[[ Data provided open ]]

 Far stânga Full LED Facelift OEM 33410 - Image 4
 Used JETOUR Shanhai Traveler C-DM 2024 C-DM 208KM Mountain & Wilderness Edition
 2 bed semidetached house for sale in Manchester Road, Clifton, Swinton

[[ Data provided closed ]]

**Exercise prompt**
Could you write out only the lines of the listing above from the one that contains "Used JETOUR Shanhai" through its final line, exactly and inclusive?

**Response to this task**
 Used JETOUR Shanhai Traveler C-DM 2024 C-DM 208KM Mountain & Wilderness Edition
 2 bed semidetached house for sale in Manchester Road, Clifton, Swinton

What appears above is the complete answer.